Nonetheless, as the only Bukharian candidate in the race, he was also the only candidate to rail against the new zoning regulations in primary debates.
And he acknowledges that mobilizing the robust Bukharian presence in the district could be his ticket to taking advantage of the crowded field.
“Who is my base?” he says. “Bukharians.” When stumping in Russian at a Bukharian theater event in mid-September, he referred to his run as “our candidacy.”
The result was a dizzying grassroots campaign among Bukharians, 95 percent of whom Cohen says were not registered to vote.
By primary day, his campaign headquarters in his office on 108th street was bustling with Russian-speakers making phone calls and shuffling walk-in voters to their polling sites.
Cohen, however, still wasn’t the slickest politician, and his nervousness was on display when he traveled to the edge of Kew Gardens to receive the endorsement of a Sikh newspaper, Shree-e-Panjab. Cohen shuffled on stage as men with full, long beards and colorful turbans gave speeches in Hindi before calling him up.
He seemed less at ease with them than he is among his own people. He did, however, clearly prepare. He touched on a Sikh issue in his speech – the right of Sikh boys to wear turbans to school – and peppered his campaign manager, Lilianna Zulunova, with questions on his way to the event.

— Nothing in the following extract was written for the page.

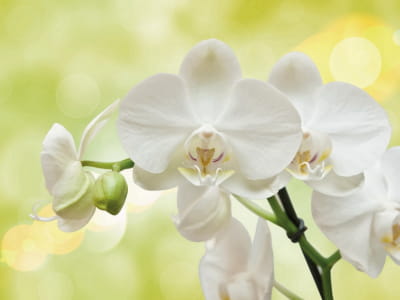 Fototapete Große weiße Orchideen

“What kind of food do they have?” he asked from the driver’s seat of his SUV.
“Spicy,” Zulunova replied.
But all Cohen’s efforts were not good enough. He lost by 987 votes, out of 7,423 cast, to Karen Koslowitz, a former Council member termed out of office in 2001. Cohen promises that Bukharians are not done in politics. He doesn’t know if he’ll run again, but he promises to lead the community in political engagement.
“Of course, I will be interested and following what happens in the political world,” says Cohen. “I want to see what Karen Koslowitz does for my community and for immigrants.”
“If she serves us well,” he says, “maybe I’m not gonna run.”
And Bukharians appear ready to be led by him. Cohen reached out to John Liu to campaign for his comptroller runoff in Bukharian synagogues. When one congregant, Meyer Aranbayev, 24, a hair stylist, was asked if he would vote for Liu, he deferred to Cohen.
“I need to speak to Albert about it,” he said.